Too Big to Fail?

The Sadly Optimal Portfolio Strategy

Author

gitSAM

Published

March 31, 2025

Abstract
This paper investigates how post-2008 monetary interventions, the rise of ETFs, and the dominance of passive capital flows have reshaped the structural dynamics of U.S. equity markets. Drawing on return distribution asymmetries, rank persistence, and a novel portfolio backtesting framework, we document that market behavior increasingly resembles a mixture of heterogeneous, rank-locked assets under persistent frictions—a sharp departure from the assumptions of efficient markets and no-arbitrage pricing. At the center of this structural shift is the “Too Big to Fail (TBTF) strategy”, which selects the ten largest market-cap stocks and applies a convex internal weighting scheme. Since 2010, TBTF has delivered persistently superior risk-adjusted performance relative to standard benchmarks. Crucially, this outperformance is not explained by fundamentals or factor exposures, but emerges from capital lock-in, index-induced inertia, and structural concentration. The strategy is thus “sadly optimal”- it profits precisely when the market is failing to allocate capital efficiently. If it ceases to work, it would mark a return to allocative discipline—a socially beneficial outcome. The findings challenge the core premises of asset pricing and raise fundamental questions about competition, fairness, and the future role of financial markets in an intervention-driven economy.

1 Key Highlights

Too big to fail? More like too big to be good, too big for justice, and too big to not exploit.

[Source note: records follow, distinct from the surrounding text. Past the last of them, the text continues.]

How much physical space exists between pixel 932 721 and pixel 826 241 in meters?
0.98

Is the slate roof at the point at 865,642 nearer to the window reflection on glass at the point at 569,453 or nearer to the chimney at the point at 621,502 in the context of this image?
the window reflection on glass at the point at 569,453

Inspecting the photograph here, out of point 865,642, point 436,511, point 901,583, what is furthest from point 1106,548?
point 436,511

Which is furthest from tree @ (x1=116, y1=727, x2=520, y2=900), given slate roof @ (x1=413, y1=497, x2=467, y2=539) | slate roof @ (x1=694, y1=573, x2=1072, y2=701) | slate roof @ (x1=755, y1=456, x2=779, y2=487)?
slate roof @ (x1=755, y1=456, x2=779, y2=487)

  • Structural Distortion and Distributional Asymmetry
    Post-crisis liquidity regimes and passive flows have created persistent advantages for dominant firms. The result is a market characterized by asymmetric return distributions, rank inertia, and the erosion of marginal risk pricing.

  • The TBTF Strategy as a Structural Probe
    A simple long-only portfolio of the top 10 firms, weighted convexly, consistently outperforms across risk-adjusted metrics. Its success functions not as evidence of market efficiency, but as a diagnostic of structural misallocation.

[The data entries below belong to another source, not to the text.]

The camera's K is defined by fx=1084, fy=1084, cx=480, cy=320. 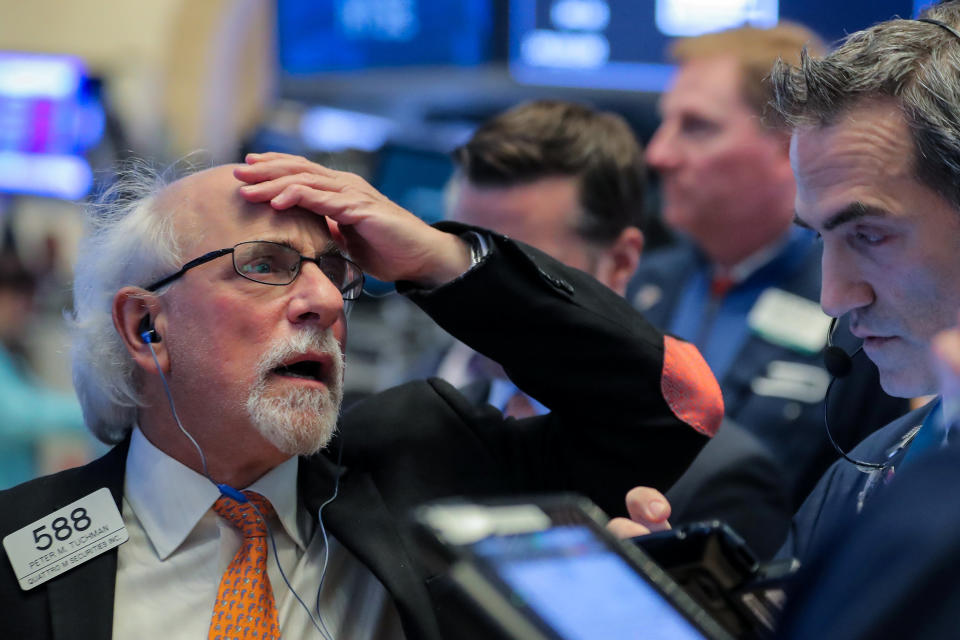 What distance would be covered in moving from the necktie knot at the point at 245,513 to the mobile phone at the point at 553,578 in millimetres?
763

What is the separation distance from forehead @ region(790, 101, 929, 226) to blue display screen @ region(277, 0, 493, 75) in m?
3.42

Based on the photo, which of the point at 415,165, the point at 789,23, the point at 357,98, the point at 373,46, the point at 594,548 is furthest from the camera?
the point at 357,98

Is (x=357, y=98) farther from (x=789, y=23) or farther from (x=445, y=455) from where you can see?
(x=445, y=455)

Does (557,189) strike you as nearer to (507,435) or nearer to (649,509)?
(507,435)

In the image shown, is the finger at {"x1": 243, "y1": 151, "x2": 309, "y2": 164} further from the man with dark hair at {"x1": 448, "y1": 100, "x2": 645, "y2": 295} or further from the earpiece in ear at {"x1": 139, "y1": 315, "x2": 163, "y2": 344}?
the man with dark hair at {"x1": 448, "y1": 100, "x2": 645, "y2": 295}

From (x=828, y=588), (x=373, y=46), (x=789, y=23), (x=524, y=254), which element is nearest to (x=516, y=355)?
(x=524, y=254)

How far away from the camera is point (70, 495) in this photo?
6.02 ft

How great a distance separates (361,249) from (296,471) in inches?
16.2

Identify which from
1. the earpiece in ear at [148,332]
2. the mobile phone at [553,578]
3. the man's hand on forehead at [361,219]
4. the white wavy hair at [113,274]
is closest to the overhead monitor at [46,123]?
the white wavy hair at [113,274]

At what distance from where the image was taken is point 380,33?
5207 millimetres

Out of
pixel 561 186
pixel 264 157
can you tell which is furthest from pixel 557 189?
pixel 264 157

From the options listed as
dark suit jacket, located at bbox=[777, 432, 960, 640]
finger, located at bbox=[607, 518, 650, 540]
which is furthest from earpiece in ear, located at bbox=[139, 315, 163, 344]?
dark suit jacket, located at bbox=[777, 432, 960, 640]

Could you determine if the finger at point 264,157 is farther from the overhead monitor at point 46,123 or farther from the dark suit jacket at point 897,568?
the overhead monitor at point 46,123

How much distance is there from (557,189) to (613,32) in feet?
6.64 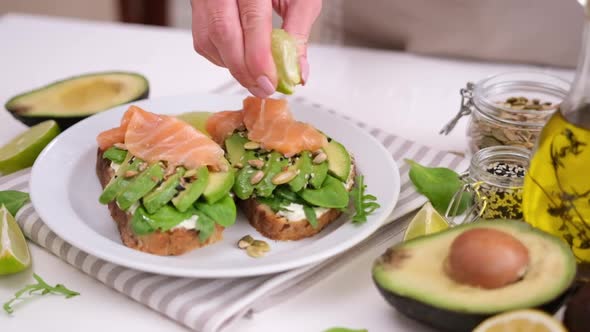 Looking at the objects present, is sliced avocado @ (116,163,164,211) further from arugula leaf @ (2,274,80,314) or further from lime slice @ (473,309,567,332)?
lime slice @ (473,309,567,332)

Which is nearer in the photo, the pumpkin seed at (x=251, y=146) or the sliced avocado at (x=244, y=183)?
the sliced avocado at (x=244, y=183)

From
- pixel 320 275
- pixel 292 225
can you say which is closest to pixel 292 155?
pixel 292 225

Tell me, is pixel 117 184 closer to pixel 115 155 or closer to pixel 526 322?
pixel 115 155

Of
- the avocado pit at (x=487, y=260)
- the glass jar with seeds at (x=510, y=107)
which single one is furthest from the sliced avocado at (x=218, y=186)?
the glass jar with seeds at (x=510, y=107)

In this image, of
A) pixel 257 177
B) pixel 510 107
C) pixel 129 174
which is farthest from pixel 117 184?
pixel 510 107

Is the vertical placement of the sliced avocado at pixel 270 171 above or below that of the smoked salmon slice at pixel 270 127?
below

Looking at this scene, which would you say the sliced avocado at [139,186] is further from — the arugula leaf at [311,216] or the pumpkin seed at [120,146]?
the arugula leaf at [311,216]

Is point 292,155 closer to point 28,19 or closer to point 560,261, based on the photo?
point 560,261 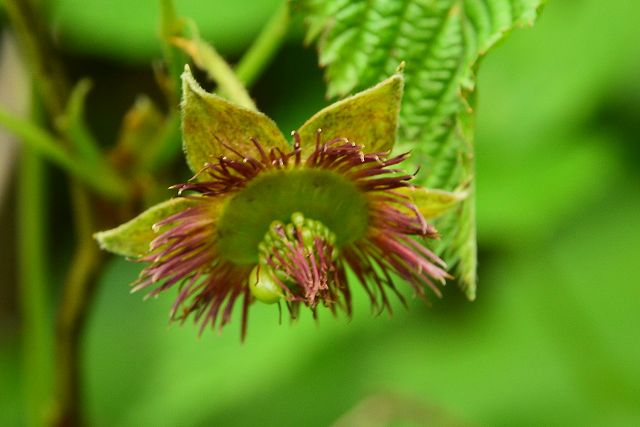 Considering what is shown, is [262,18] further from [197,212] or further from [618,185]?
[197,212]

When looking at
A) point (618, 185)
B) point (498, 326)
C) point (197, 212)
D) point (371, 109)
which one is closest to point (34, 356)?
point (197, 212)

  • Paradox of Optimality in a Broken System
    TBTF is optimal precisely when markets are not. If it performs, it exposes deep inefficiencies; if it fails, it may herald a return to allocative justice. Either way, the investor wins, while society bears the risk of institutionalized stagnation.

  • Implications for Theory and Policy
    The findings call for asset pricing models that move beyond risk–return tradeoffs and incorporate rank-based valuation, non-ergodic dynamics, and mobility constraints. Policymakers must confront the unintended consequences of index-driven capital allocation.